Question

If a test has three multiple choice questions that offer five possible answers, determine the probability that a student will get one out of three questions correct by guessing on all of them.
(a) $\dfrac{49}{125}$
(b) $\dfrac{48}{125}$
(c) $\dfrac{48}{145}$
(d) $\dfrac{49}{145}$

Answer 1

Hint: We will first find total combination of multiple answer which will be $5\times 5\times 5=125$ . then we will find probability of correct answer $P\left( c \right)=\dfrac{1}{5}$ and subtracting this from 1, we will get probability of incorrect answer i.e. $P\left( I \right)=\dfrac{4}{5}$ . Now, we will select 1 question out of 3 questions which is correct i.e. ${}^{3}{{C}_{1}}$ . Along with this we will multiply the probability of getting the correct answer one time and that of incorrect answer 2 times and on solving, we will get the answer. Formula we will be using is ${}^{n}{{C}_{r}}=\dfrac{n!}{\left( n-r \right)!r!}$ .
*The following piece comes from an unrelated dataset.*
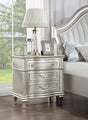 Evangeline 3-Drawer Nightstand Silver Oak - Ella Furniture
Complete step-by-step answer:
We are given that there are 3 multiple choice questions and each question has 5 options for answer. So, the total possible multiple combination of selecting the answer for all 3 questions will be $5\times 5\times 5=125$ .
Now, we know that out of 5 options only one is correct. So, we can say that the probability of the correct answer is $\dfrac{1}{5}$ . So, that incorrect answer will be $1-\dfrac{1}{5}=\dfrac{4}{5}$ because we know that maximum probability is 1. So, we have subtracted probability of correct answer from 1 in order to get probability of incorrect answer.
Probability of correct answer $P\left( c \right)=\dfrac{1}{5}$
Probability of incorrect answer $P\left( I \right)=\dfrac{4}{5}$
Now, we have to find the probability of one correct question out of 3. So, we can write it as ${}^{3}{{C}_{1}}$ . Also, that one question is correct so, probability of getting the correct answer is to be multiplied and for the remaining 2 questions which are incorrect also their incorrect answer probability should be multiplied. So, we get as
$={}^{3}{{C}_{1}}\times P\left( c \right)\times P\left( I \right)$
On putting values and using the formula ${}^{n}{{C}_{r}}=\dfrac{n!}{\left( n-r \right)!r!}$ , we get as
$=\dfrac{3!}{\left( 3-1 \right)!1!}\times \dfrac{1}{5}\times \dfrac{4}{5}\times \dfrac{4}{5}$
(we have multiplied $P\left( I \right)=\dfrac{4}{5}$ 2 times because we have 2 incorrect questions)
On further solving, we get as
$=\dfrac{3\times 2!}{2!1!}\times \dfrac{16}{125}$
On simplification we get as,
$=\dfrac{3\times 16}{125}=\dfrac{48}{125}$
Thus, option (b) is the correct answer.

Note: Remember that we have to select only one correct answer, so we have 2 incorrect questions with us. So, we have to multiple probability of correct answer one time and that of incorrect answer twice. Students make mistake here and multiply both probability one time only and get answer wrong i.e. $=\dfrac{3!}{\left( 3-1 \right)!1!}\times \dfrac{1}{5}\times \dfrac{4}{5}$ . on solving this, we will get incorrect answer. So, do not make this mistake.